Example using vmnic1, Port ID 12, and DVS Name ProdSwitchDVS:

# esxcfg-vswitch -Q vmnic1 -V 12 ProdSwitchDVS

Step 2: Create a Standard Switch, a Portgroup, and Add the vmnic to the Standard Switch

Create a Standard switch:

# esxcli network vswitch standard add --vswitch-name=vSwitchName

Create a Portgroup:

# esxcli network vswitch standard portgroup add --portgroup-name=PortgroupName --vswitch-name=vSwitchName

Add a vmnic to the Standard Switch:

# esxcli network vswitch standard uplink add --uplink-name=vmnic --vswitch-name=vSwitchName

Step 3: Recover Network Connectivity of the vCenter Virtual Machine

First, we will connect the vCenter virtual machine to the newly created Portgroup of the Standard Switch. This will help to recover access to vCenter’s network, allowing the ESXi hosts to reconnect to the vCenter server, and you will be able to manage your infrastructure again.

  • Log in to the ESXi vSphere client with administrator credentials.
  • Go to “Virtual Machines”.
  • Select the vCenter virtual machine.
  • Click “Actions” > “Edit Settings”.
  • Connect Network Adapter 1 to the newly created Portgroup of the Standard Switch.
  • Click Save.

At this point, you should have recovered the network connectivity of vCenter and you should now be able to connect to its vSphere client. If you still can’t, make sure that the Portgroup of the Standard Switch has the correct VLAN and MTU configuration.
Once you have verified that everything is fine in your vCenter inventory, migrate vCenter back to the DVS to have the same configuration as before the outage.

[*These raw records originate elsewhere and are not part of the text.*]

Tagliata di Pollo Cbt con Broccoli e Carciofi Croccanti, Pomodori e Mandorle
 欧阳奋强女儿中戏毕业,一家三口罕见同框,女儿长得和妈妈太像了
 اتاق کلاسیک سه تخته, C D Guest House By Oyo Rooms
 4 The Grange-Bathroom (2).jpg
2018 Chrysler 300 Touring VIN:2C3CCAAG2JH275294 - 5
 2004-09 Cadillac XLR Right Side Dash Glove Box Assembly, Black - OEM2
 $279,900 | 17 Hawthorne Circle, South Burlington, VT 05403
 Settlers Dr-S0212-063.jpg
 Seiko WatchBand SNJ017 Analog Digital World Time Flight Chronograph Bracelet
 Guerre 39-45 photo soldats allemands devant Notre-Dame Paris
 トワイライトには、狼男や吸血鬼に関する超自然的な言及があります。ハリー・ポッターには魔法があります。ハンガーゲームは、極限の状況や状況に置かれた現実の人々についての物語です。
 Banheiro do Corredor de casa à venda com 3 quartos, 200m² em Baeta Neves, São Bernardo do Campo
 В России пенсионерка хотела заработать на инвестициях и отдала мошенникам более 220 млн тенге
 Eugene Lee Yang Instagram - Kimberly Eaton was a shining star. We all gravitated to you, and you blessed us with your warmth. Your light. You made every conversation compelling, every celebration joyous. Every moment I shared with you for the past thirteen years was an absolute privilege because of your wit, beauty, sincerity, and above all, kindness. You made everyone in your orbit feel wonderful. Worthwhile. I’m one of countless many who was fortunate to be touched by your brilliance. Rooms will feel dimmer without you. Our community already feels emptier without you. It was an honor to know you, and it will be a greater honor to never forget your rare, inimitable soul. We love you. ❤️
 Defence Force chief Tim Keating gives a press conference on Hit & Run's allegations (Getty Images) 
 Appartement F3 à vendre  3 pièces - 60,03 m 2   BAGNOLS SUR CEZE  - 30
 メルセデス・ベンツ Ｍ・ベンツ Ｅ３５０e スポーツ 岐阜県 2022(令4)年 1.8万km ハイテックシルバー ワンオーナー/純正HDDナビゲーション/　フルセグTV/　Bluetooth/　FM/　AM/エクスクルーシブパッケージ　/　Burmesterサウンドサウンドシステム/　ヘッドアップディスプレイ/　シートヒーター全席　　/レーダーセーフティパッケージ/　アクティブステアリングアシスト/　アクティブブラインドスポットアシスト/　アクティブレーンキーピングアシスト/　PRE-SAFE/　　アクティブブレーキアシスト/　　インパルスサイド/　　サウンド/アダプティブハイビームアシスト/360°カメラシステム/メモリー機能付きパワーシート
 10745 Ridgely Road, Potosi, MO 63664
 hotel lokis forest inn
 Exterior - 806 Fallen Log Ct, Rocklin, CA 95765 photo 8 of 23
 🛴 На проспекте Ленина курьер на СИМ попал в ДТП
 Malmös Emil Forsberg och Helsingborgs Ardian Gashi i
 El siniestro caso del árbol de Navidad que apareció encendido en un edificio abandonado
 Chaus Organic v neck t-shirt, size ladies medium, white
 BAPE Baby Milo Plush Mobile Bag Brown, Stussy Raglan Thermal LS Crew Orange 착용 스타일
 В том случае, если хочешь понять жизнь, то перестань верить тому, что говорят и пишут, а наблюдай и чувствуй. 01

Step 4: Migrate the vmnic Back to the DVS

Now, let’s return the vmnic to the DVS by following these steps:

  • If you have not logged in to the vCenter vSphere client, log in with administrator credentials.
    Go to the “Networking” tab.
  • Right-click on the DVS and select “Add and Manage Hosts”.
  • Select “Manage the host networking” and click Next.
  • Click on “Attached hosts…”.
  • Select the ESXi host with the vmk and vmnic that you want to add back to the DVS and click OK.
  • Click Next.
  • In the “Management Networks” list, select the vmk and click “Assign” to assign it to the desired management port group. Click Next.
  • In the “Physical Adapters” list, select the vmnic and click “Assign” to assign it to the DVS. Click Next.
  • Click Next and then Finish.

Step 5: Migrate vCenter Back to the DVS

  • Go to “Virtual Machines”.
  • Select the vCenter virtual machine.
  • Click “Actions” > “Edit Settings”.
  • Change Network Adapter 1 back to the original DVS port group.
  • Click Save.

Step 6: Remove the Temporary Standard Switch and Portgroup

Remove the Portgroup from the Standard Switch:

esxcli network vswitch standard portgroup remove --portgroup-name=PortgroupName --vswitch-name=vSwitchName

Remove the vmnic from the Standard Switch:

esxcli network vswitch standard uplink remove --uplink-name=vmnic --vswitch-name=vSwitchName

Remove the Standard Switch:

esxcli network vswitch standard remove --vswitch-name=vSwitchName


This process, though quite complex and meticulous, can save the day when vCenter is down due to a network issue. Ensuring that you have a proper backup and understanding the VMware infrastructure and its dependencies is key to successful recovery. It’s highly recommended to have a plan for such scenarios and ensure that the team managing the infrastructure is familiar with these procedures to ensure a quick and smooth recovery when required.